2024: The Biden FCC’s Second Title II Order

With a Democratic majority restored under Chair Jessica Rosenworcel, the FCC opened WC Docket 23-320 and proposed a third reclassification. The Safeguarding and Securing the Open Internet Order was adopted on April 25, 2024, again by a 3-2 vote. The rules mirrored the 2015 framework: Title II reclassification, no-blocking, no-throttling, no-paid-prioritization, with an added general conduct standard targeting harmful practices not otherwise enumerated.
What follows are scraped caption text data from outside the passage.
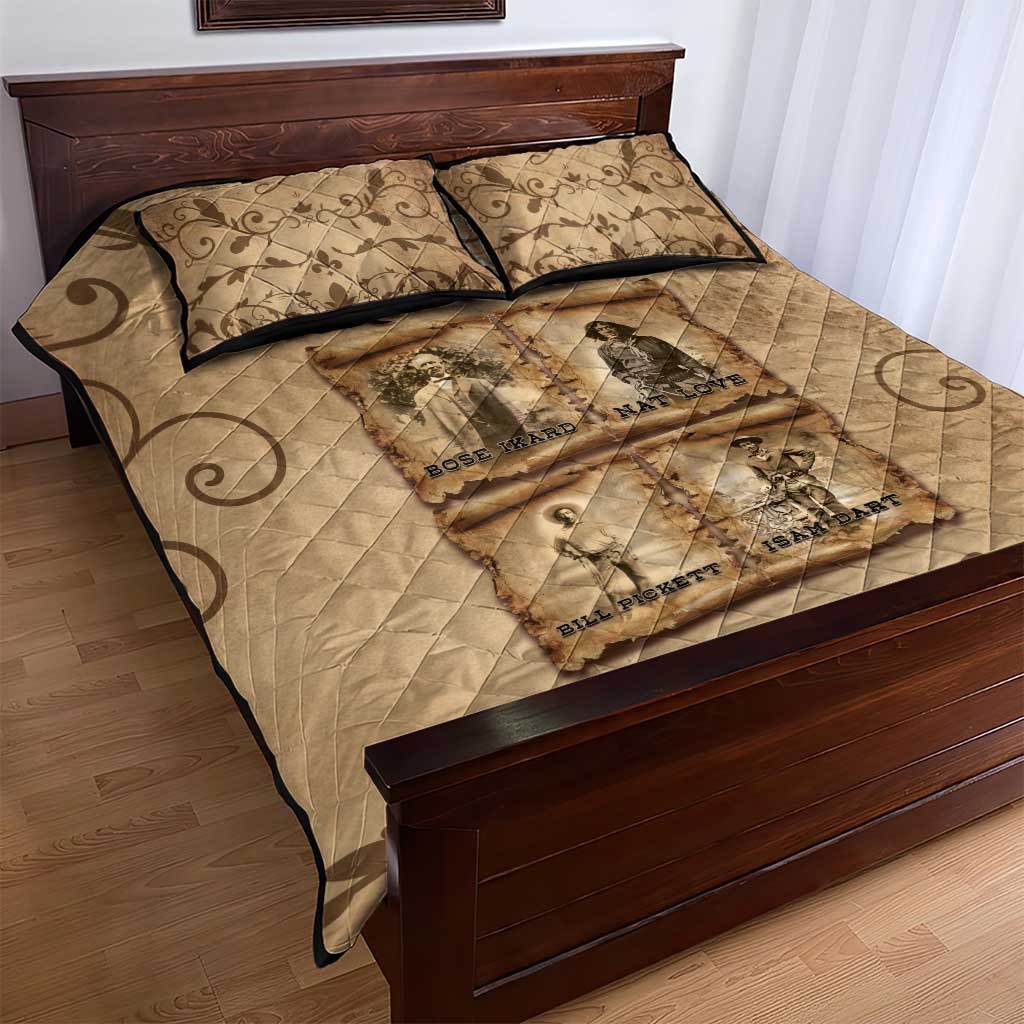 Black Cowboy Quilt Bed Set African American Black History Western Grunge - African Pride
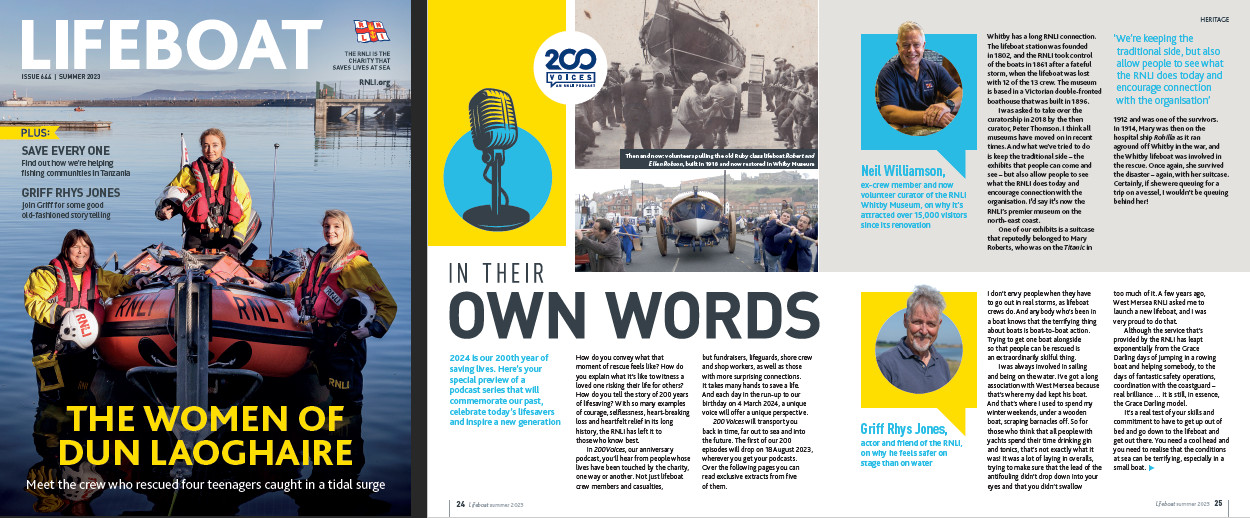 Cover from the RNLI's Lifeboat magazine alongside an article announcing the 200 Voices podcast series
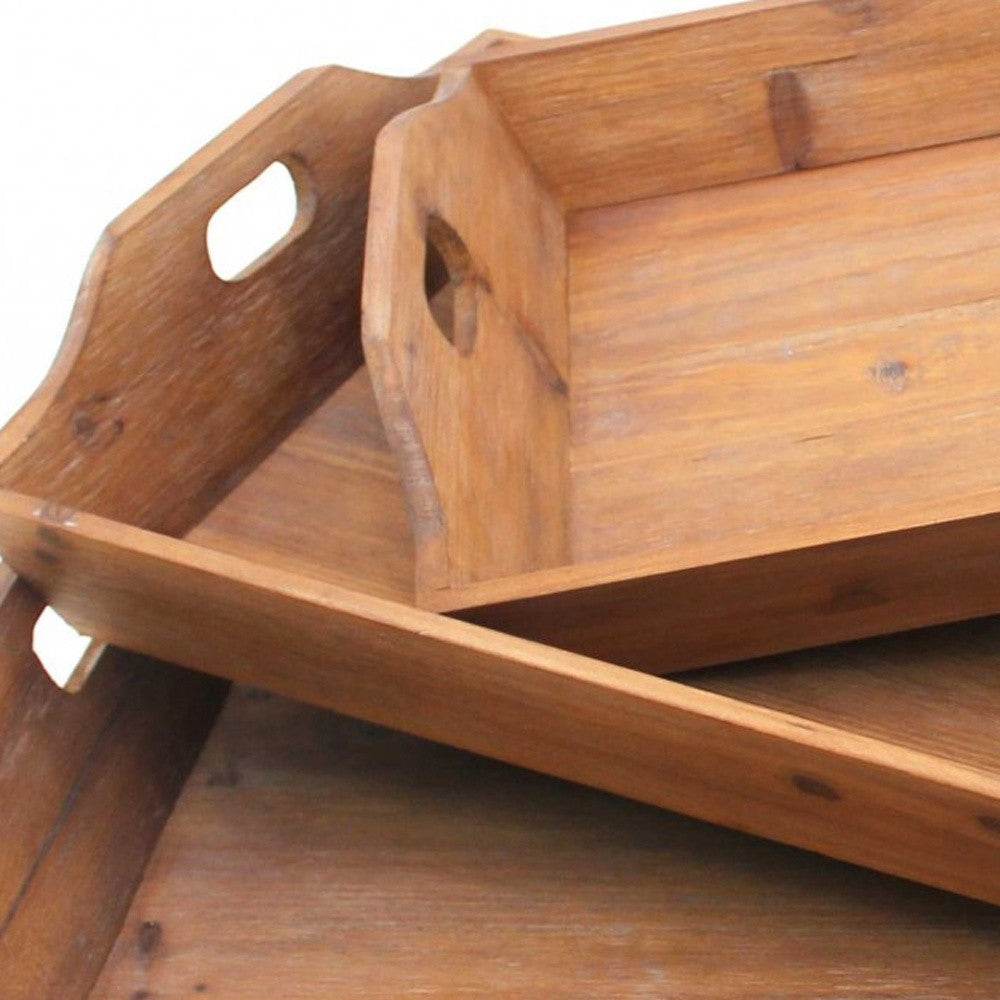 Set of Three Brown Wood Serving Tray - Loft&Timber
The timing proved decisive. In June 2024 — two months after the order’s adoption — the Supreme Court issued Loper Bright Enterprises v. Raimondo, 144 S.Ct. 2244, overruling the Chevron doctrine entirely. Courts would no longer defer to an agency’s reading of ambiguous statutory language. They would determine the best statutory reading independently. ISPs petitioned the Sixth Circuit for a stay; the court granted it in August 2024 and heard expedited oral argument on October 31, 2024. The legal environment that had twice sustained Title II reclassification no longer existed.

January 2025: Sixth Circuit Vacates the 2024 Order

On January 2, 2025, a unanimous three-judge Sixth Circuit panel vacated the Safeguarding Order in its entirety. Applying Loper Bright, the court held that BIAS is an “information service” under the best reading of the Communications Act — not a “telecommunications service” subject to Title II. For mobile broadband, the court found it constitutes a “private mobile service,” placing it outside the Title II framework by statutory definition.

The panel’s language was pointed. Applying Loper Bright “means we can end the FCC’s vacillations.” That holding carries consequences beyond the 2024 Order: it indicates no future Commission can reclassify broadband under Title II without congressional action changing the underlying statutory definitions. The Sixth Circuit denied rehearing. No petition for certiorari had been filed as of May 2026.

Chair Brendan Carr, designated by President Trump in January 2025, welcomed the ruling and stated no intention to pursue Title II reclassification. In July 2025, the Carr FCC formally removed 41 rules and requirements — approximately 2,991 words of regulatory text — adopted under the Biden broadband framework, though those rules were already without legal effect following the January vacatur. For ongoing FCC proceedings in other areas, see the FCC Spectrum Auction Policy Guide.

State Laws and the Resulting Patchwork

The federal void has accelerated state-level activity. California’s SB 822 remains in force and constitutes the most stringent open internet law in the country. Washington and Oregon enacted analogous statutes in 2018, shortly after the Pai FCC’s repeal. New York, New Jersey, and Vermont have adopted procurement-based approaches, requiring ISPs holding state government contracts to comply with net neutrality principles as a condition of contract award.

More than a dozen states had enacted or were actively advancing net neutrality measures as of mid-2025. The legal basis for state authority was affirmed by the Ninth Circuit in ACA Connects v. Bonta and by the Mozilla remand’s rejection of blanket federal preemption. The resulting regime is a patchwork. ISPs operating nationally face inconsistent obligations depending on the state in which a subscriber resides. AT&T, Comcast, and Verizon have historically pledged voluntarily not to block or throttle lawful traffic, but those commitments carry no federal legal force.

Whether Congress will legislate a uniform federal standard — either through a direct net neutrality statute or a statutory redefinition of broadband that would re-enable Title II — remains the central open question. No net neutrality bill advanced out of committee in the 119th Congress. For context on the federal broadband funding programs operating alongside this regulatory vacuum, see the BEAD Program Guide, covering NTIA’s $42.45 billion deployment initiative under the Infrastructure Investment and Jobs Act. Without legislative action, the open internet rules that governed the market from 2015 to 2017 and briefly again in 2024 will not return through agency action alone.